Starting with the opening line of the entries below, transcribe each line exactly up to and including the one that has "Enable automated log"; pictures are not copied.

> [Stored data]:
*** Block opens ***
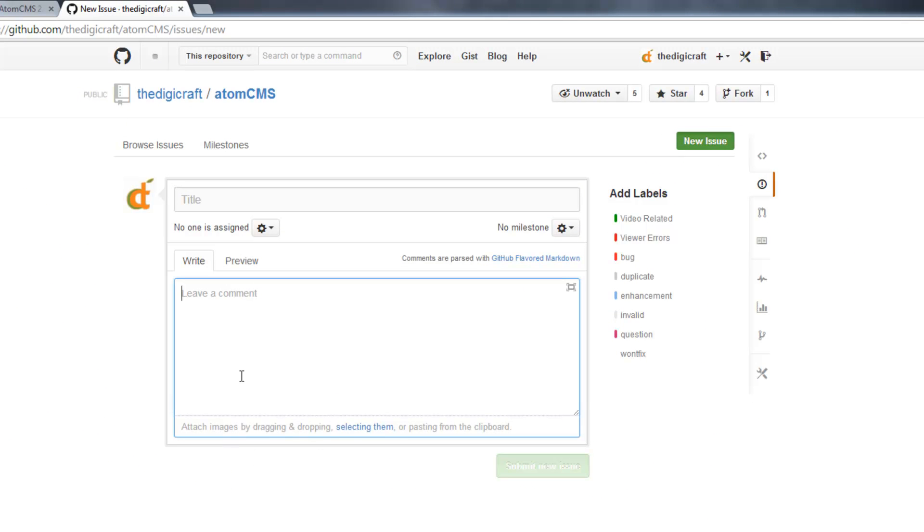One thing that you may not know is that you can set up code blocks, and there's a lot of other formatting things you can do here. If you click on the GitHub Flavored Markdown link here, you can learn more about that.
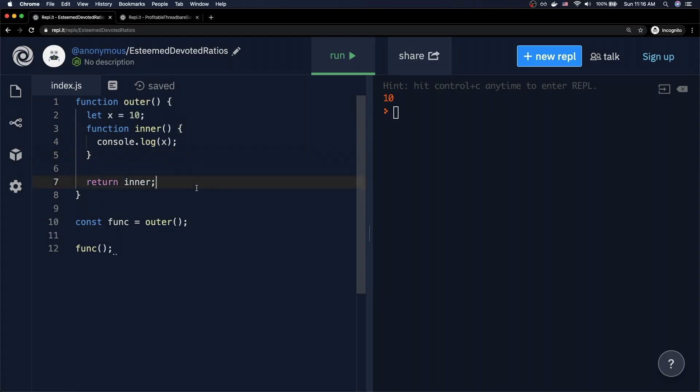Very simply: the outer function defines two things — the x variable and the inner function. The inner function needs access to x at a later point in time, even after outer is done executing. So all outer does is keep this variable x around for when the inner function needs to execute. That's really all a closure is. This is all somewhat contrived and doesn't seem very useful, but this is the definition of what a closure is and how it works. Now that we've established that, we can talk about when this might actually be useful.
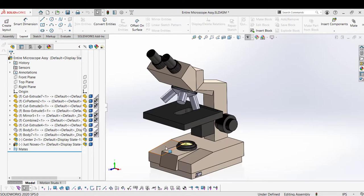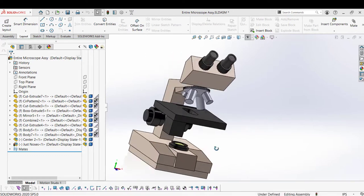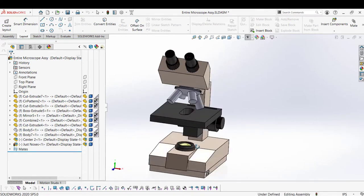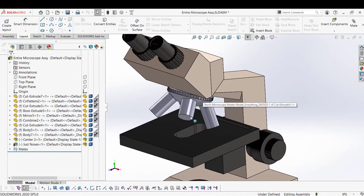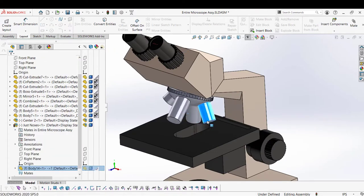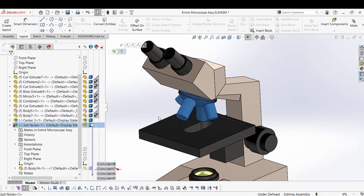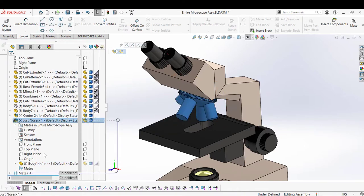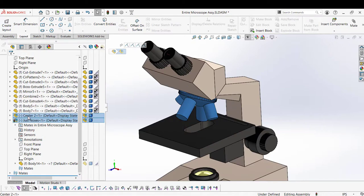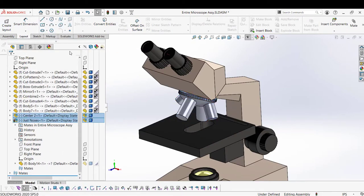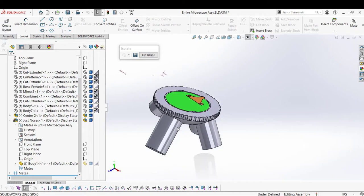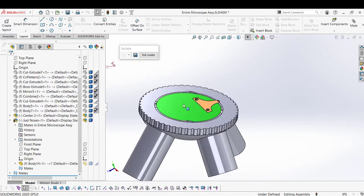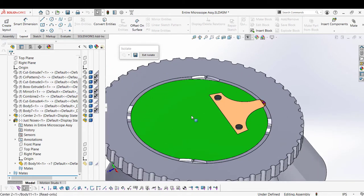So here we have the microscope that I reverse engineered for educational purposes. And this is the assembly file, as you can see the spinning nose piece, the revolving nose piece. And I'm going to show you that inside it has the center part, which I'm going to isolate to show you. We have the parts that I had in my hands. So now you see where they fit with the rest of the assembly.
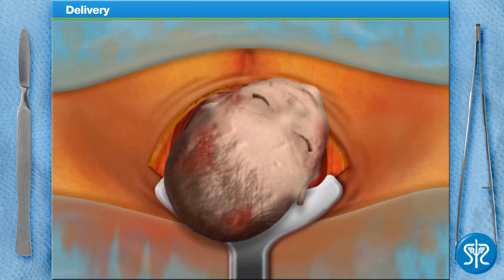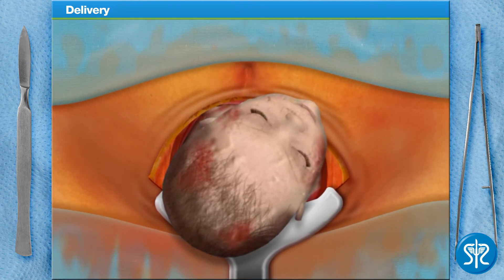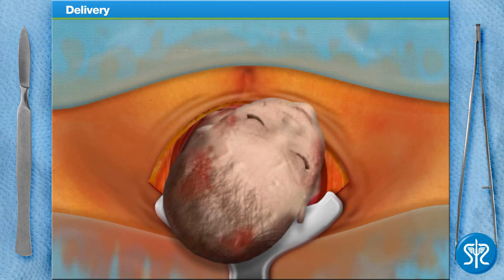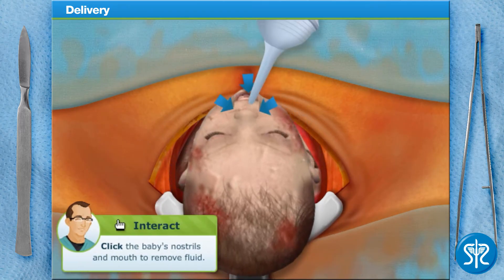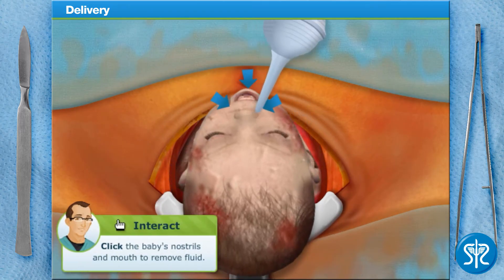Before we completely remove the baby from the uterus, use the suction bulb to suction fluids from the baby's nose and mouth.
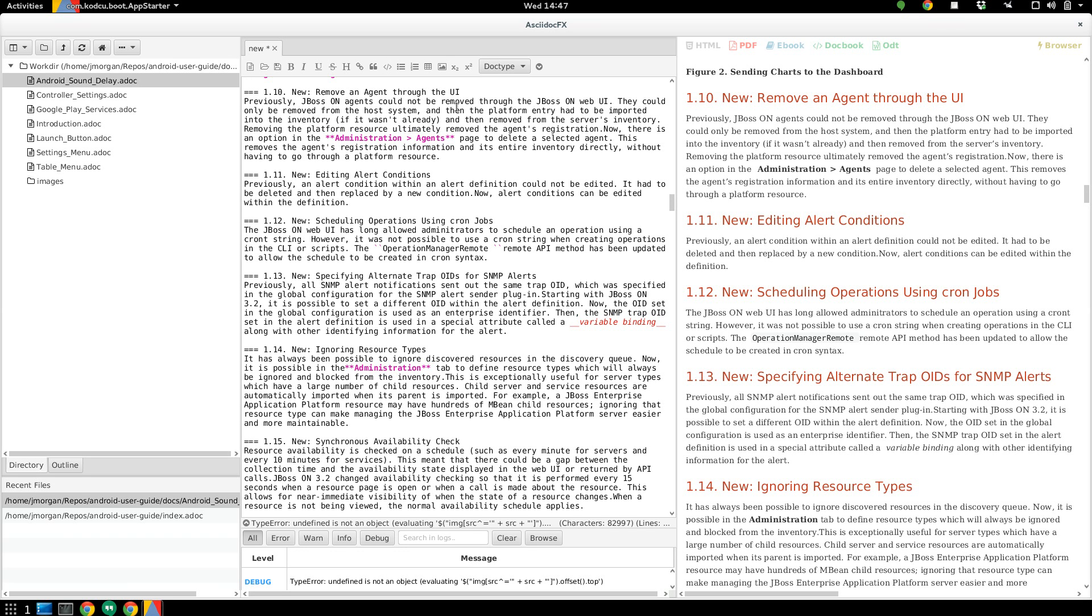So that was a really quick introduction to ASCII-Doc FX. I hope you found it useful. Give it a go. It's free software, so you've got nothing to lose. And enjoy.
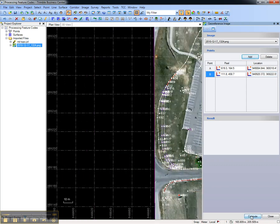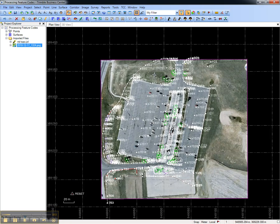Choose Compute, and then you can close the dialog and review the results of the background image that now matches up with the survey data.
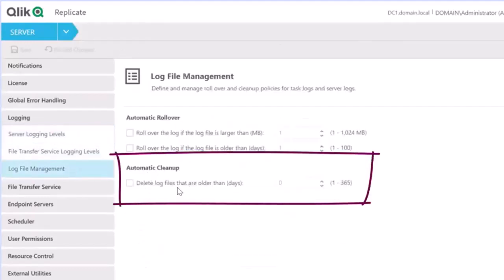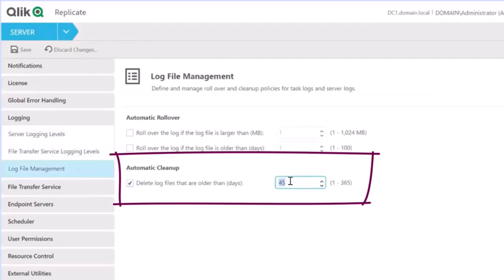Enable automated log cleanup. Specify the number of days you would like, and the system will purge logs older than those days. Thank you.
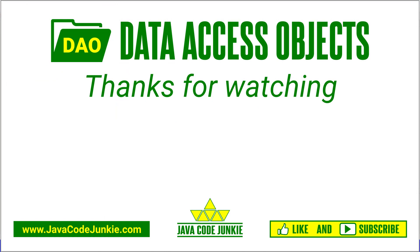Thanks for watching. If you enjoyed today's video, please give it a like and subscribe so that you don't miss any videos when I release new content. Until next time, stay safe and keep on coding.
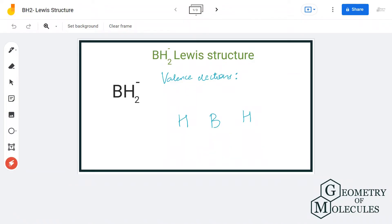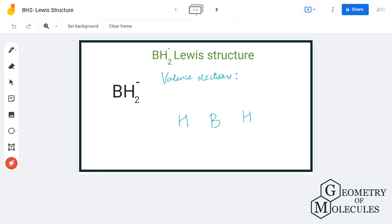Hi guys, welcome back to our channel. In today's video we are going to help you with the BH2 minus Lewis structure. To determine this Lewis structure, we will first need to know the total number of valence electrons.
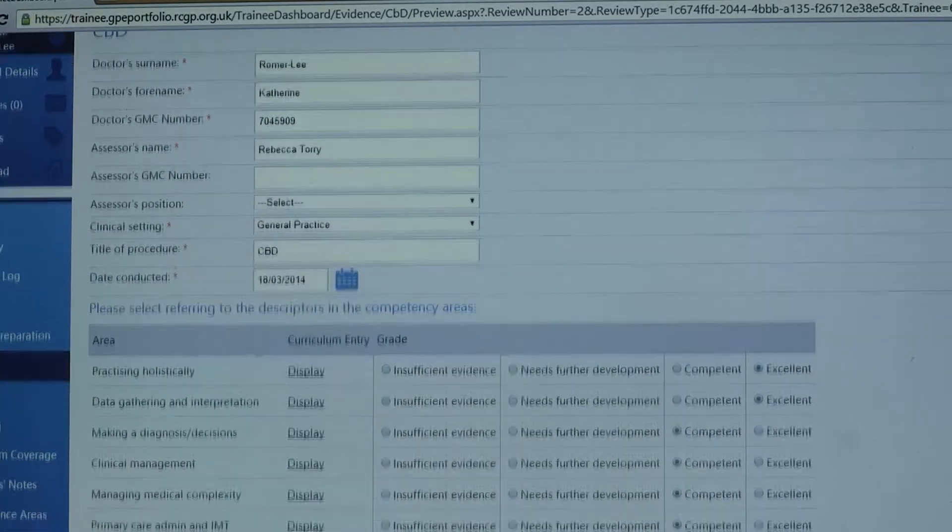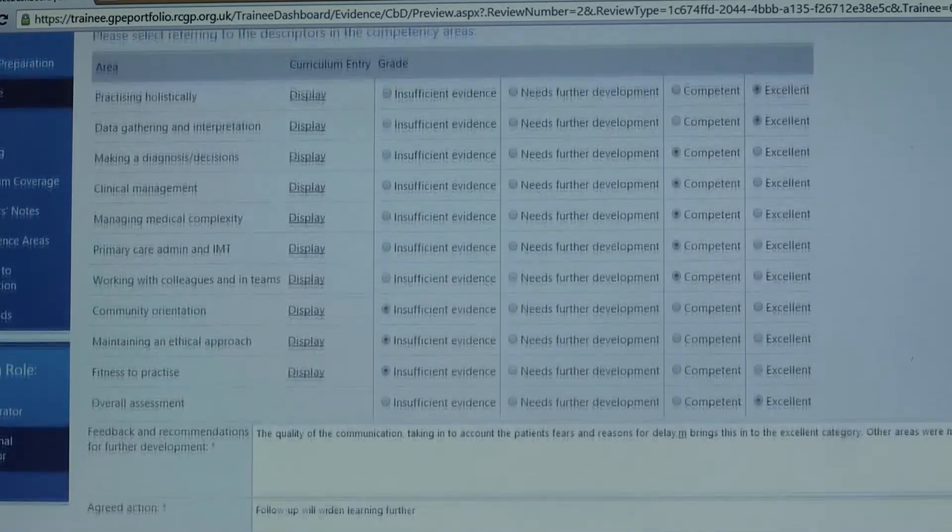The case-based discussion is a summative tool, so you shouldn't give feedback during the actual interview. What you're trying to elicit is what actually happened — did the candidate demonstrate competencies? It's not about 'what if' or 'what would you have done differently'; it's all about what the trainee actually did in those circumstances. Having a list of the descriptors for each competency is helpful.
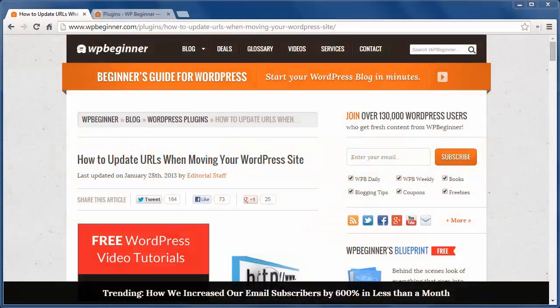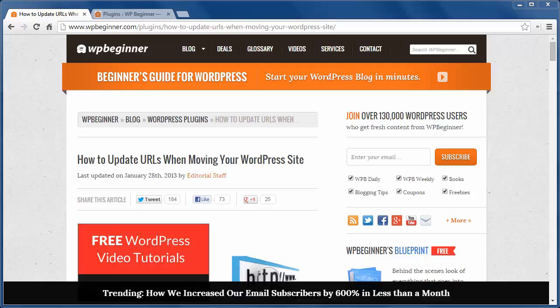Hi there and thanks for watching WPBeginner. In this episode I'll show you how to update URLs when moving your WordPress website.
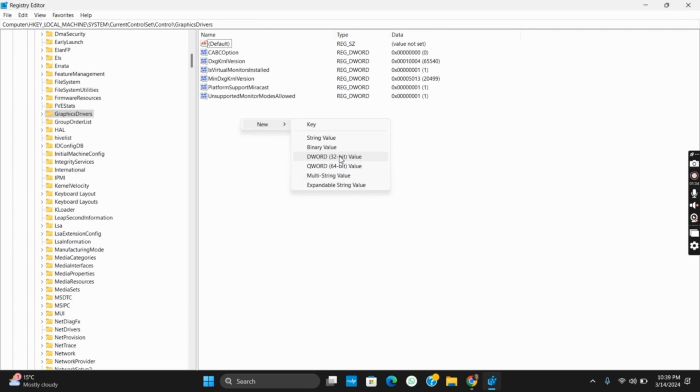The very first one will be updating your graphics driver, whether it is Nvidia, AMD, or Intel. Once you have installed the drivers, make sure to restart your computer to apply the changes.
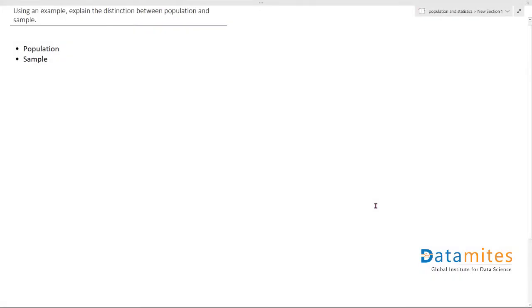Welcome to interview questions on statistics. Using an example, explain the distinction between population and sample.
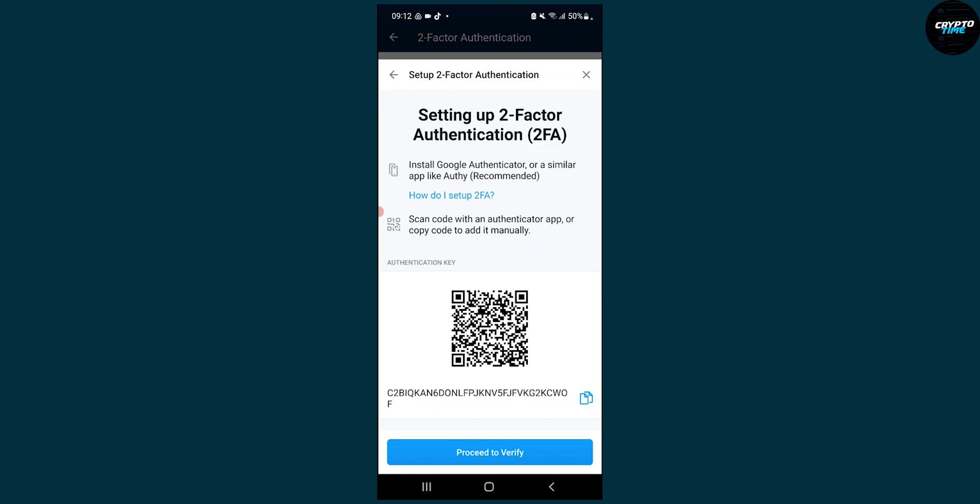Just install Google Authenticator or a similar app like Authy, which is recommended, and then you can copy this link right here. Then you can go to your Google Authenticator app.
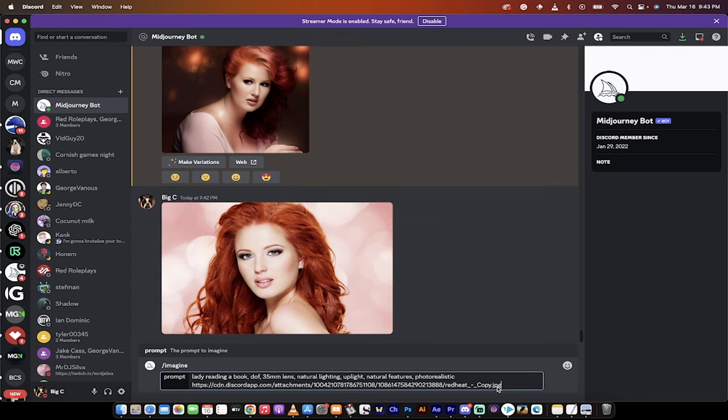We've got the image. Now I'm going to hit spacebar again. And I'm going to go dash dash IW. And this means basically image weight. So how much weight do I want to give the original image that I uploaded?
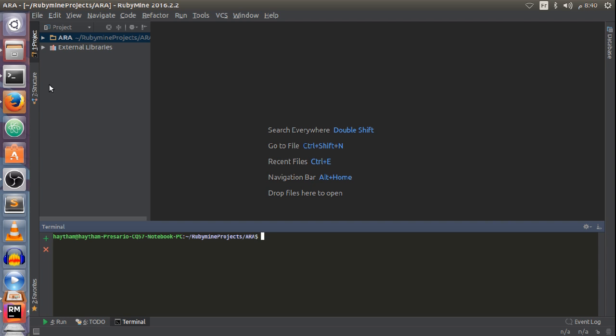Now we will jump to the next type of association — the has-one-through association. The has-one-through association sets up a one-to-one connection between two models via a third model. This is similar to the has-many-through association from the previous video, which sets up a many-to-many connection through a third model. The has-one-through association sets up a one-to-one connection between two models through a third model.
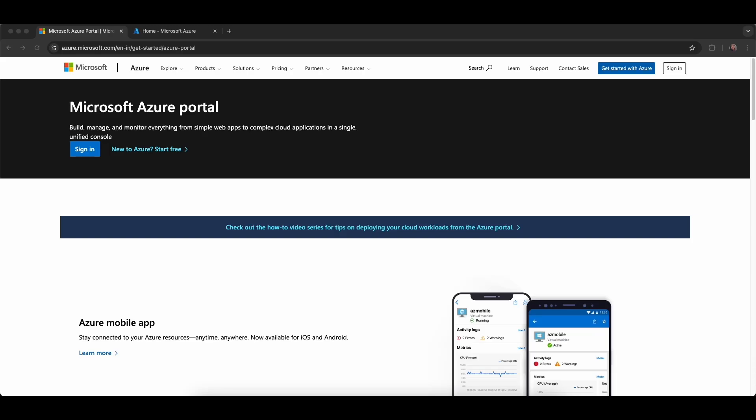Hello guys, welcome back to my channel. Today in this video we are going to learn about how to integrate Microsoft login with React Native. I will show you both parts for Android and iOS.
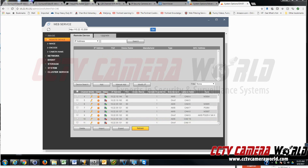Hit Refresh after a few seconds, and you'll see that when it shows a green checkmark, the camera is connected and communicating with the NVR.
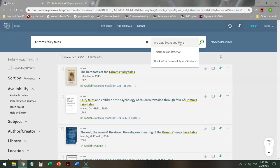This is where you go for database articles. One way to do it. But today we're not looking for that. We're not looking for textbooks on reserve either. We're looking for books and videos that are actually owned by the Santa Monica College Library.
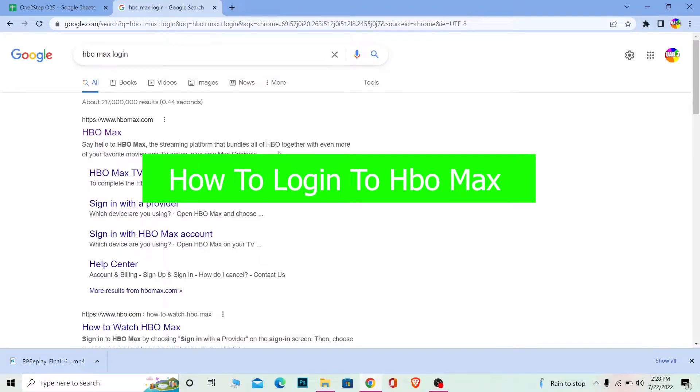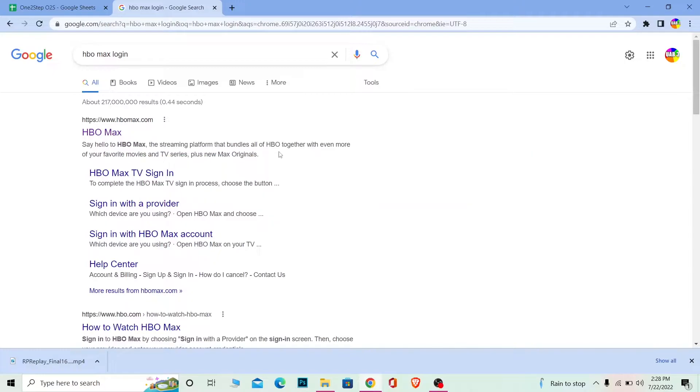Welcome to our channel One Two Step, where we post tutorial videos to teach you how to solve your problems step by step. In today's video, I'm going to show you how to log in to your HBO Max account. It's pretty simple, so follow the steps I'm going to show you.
*** Block closes ***
> [Written reply]:
One thing that you may not know is that you can set up code blocks, and there's a lot of other formatting things you can do here. If you click on the GitHub Flavored Markdown link here, you can learn more about that.
Very simply: the outer function defines two things — the x variable and the inner function. The inner function needs access to x at a later point in time, even after outer is done executing. So all outer does is keep this variable x around for when the inner function needs to execute. That's really all a closure is. This is all somewhat contrived and doesn't seem very useful, but this is the definition of what a closure is and how it works. Now that we've established that, we can talk about when this might actually be useful.
So here we have the microscope that I reverse engineered for educational purposes. And this is the assembly file, as you can see the spinning nose piece, the revolving nose piece. And I'm going to show you that inside it has the center part, which I'm going to isolate to show you. We have the parts that I had in my hands. So now you see where they fit with the rest of the assembly.
Before we completely remove the baby from the uterus, use the suction bulb to suction fluids from the baby's nose and mouth.
So that was a really quick introduction to ASCII-Doc FX. I hope you found it useful. Give it a go. It's free software, so you've got nothing to lose. And enjoy.
Choose Compute, and then you can close the dialog and review the results of the background image that now matches up with the survey data.
Enable automated log cleanup. Specify the number of days you would like, and the system will purge logs older than those days. Thank you.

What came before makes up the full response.